If your teacher gives pKa instead of Ka
Some chemistry problems provide pKa instead of Ka. The relationship is:
pKa = -log10(Ka)
Ka = 10^-pKa
So if a problem gave pKa rather than the explicit Ka value, you would convert first and then continue with the same equilibrium setup. The calculator above supports both modes. If you use Ka mode, you can enter 2.63 and select the 10^-4 exponent. If you use pKa mode, enter the appropriate pKa and the script converts it automatically.
Common mistakes to avoid
- Using 0.015 M directly as [H+] as if HNO2 were a strong acid.
- Forgetting that Ka = 2.63 × 10^-4 means 2.63 multiplied by 10 to the negative fourth power.
- Dropping the negative sign in the logarithm when calculating pH.
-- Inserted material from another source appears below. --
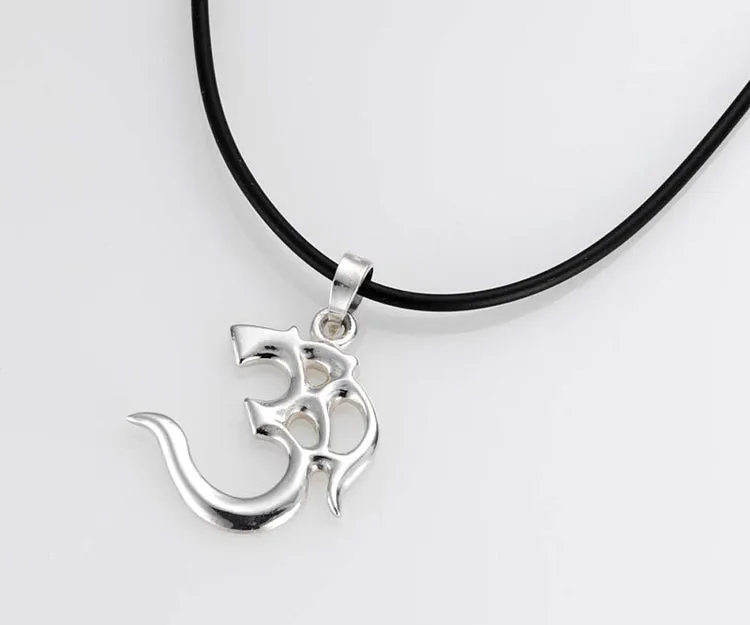 Silver Aum Om Pendant For Me and Women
- Rounding too early during the quadratic solution.
- Using the approximation without checking whether x is small enough relative to the initial concentration.
Final answer and interpretation
For a 0.015 M solution of nitrous acid with Ka = 2.63 × 10^-4, the exact equilibrium calculation gives:
- [H+] ≈ 1.859 × 10^-3 M
- [NO2-] ≈ 1.859 × 10^-3 M
- [HNO2]eq ≈ 0.01314 M
- pH ≈ 2.73
- Percent ionization ≈ 12.39%
This result shows that nitrous acid is significantly ionized, but still far from complete dissociation. The exact method gives a trustworthy answer for homework, lab prep, tutoring, and exam review.
Authoritative references for acid-base chemistry and pH
For deeper study, review these authoritative educational and standards resources:
- NIST guidance on pH standards and measurement
- University of Wisconsin acid-base equilibrium tutorial
- College-level weak acid ionization overview hosted through an educational platform
Practical takeaway
If you are asked to calculate the pH of 0.015 M HNO2 at 2.63, always clarify the meaning of the 2.63 value. In most chemistry contexts, it refers to the Ka mantissa in 2.63 × 10^-4. Once that is recognized, the problem becomes a standard weak-acid equilibrium calculation. Use the exact quadratic formula for the best answer, and you will obtain a pH of about 2.73.